Millionen Deutschen droht in den kommenden Jahren massive Altersarmut
Aktuelles, Landesweit, Top-Themen / Donnerstag, 29.Juni.2017

Millionen Deutschen droht in den kommenden Jahren massive Altersarmut

Insbesondere Frauen, Menschen ohne vernünftige Berufsausbildung und Langzeitarbeitslose sind nach einer aktuellen Studie der sicherlich politisch unverdächtigen Bertelsmann-Stiftung zufolge bis zum Jahr 2036 von massiver Altersarmut bedroht.

Insgesamt steigt die Armutsrisikoquote der Altersgruppe der dann 67jährigen in den kommenden Jahren von heute 16 auf 20 Prozent an. Insbesondere bei alleinstehenden Frauen ist die Zunahme besonders stark. Als Ursache für die wachsende Altersarmut gibt die Studie zwei Gründe an: Die Zunahme von Unterbrechungen im Arbeitsleben und unsichere Beschäftigungsverhältnisse im Niedriglohnsektor, zum anderen sinkt bekanntlich das Rentenniveau durch die demografische Entwicklung und die rentenrechtlichen Veränderungen kontinuierlich. Nach Auffassung der Bertelsmann-Stiftung entfalten die zum Ausgleich von den Altparteien geschaffene Instrumente der privaten Altersvorsorge aber nicht die gewünschte Wirkung. Es droht also eine massive Altersarmut in Deutschland.

Und was macht die etablierte Politik?

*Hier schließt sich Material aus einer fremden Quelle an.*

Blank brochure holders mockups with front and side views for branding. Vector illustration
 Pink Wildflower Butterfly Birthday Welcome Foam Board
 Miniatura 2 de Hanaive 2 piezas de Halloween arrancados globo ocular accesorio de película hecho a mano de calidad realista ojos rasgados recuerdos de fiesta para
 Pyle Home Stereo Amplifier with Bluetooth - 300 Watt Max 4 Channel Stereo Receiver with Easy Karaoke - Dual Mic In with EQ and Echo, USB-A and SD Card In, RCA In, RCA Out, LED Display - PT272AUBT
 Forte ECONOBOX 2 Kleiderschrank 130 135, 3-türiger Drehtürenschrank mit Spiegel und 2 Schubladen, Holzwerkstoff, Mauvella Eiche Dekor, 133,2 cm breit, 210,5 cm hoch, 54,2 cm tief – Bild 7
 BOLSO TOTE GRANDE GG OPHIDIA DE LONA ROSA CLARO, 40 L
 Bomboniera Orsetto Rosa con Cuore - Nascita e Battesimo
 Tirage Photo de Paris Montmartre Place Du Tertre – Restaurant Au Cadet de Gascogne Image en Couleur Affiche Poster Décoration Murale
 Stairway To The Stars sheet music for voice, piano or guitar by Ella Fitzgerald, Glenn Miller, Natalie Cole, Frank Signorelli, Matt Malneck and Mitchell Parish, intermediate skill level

Anstatt allen Bürger eine einigermaßen armutsfreie lebenswerte Altersabsicherung zu garantieren, haben die Altparteien Millionen ausländische Dauersozialempfänger ins Land geholt und haben damit das Fundament unseres Sozial- und Rentensystems untergraben.

PRO NRW hingegen meint, statt Milliarden Summen für die Alimentierung von illegalen Migranten, die hauptsächlich in unsere sozialen Sicherungssysteme eingewandert sind, zu verschleudern sollte dieses Geld in einen Fond zugunsten von potentiellen Armutsrentnerinnen und –rentnern angelegt werden, damit diese einen würdigen auskömmlichen Lebensabend haben. Doch hierzu ist die politische Klasse in der Bundesrepublik offensichtlich nicht bereit. Es ist wahrlich an der Zeit den verbrauchten Altparteien die Rote Karte zu zeigen. PRO NRW wird nicht akzeptieren, dass die Altersarmut stetig weiter wächst.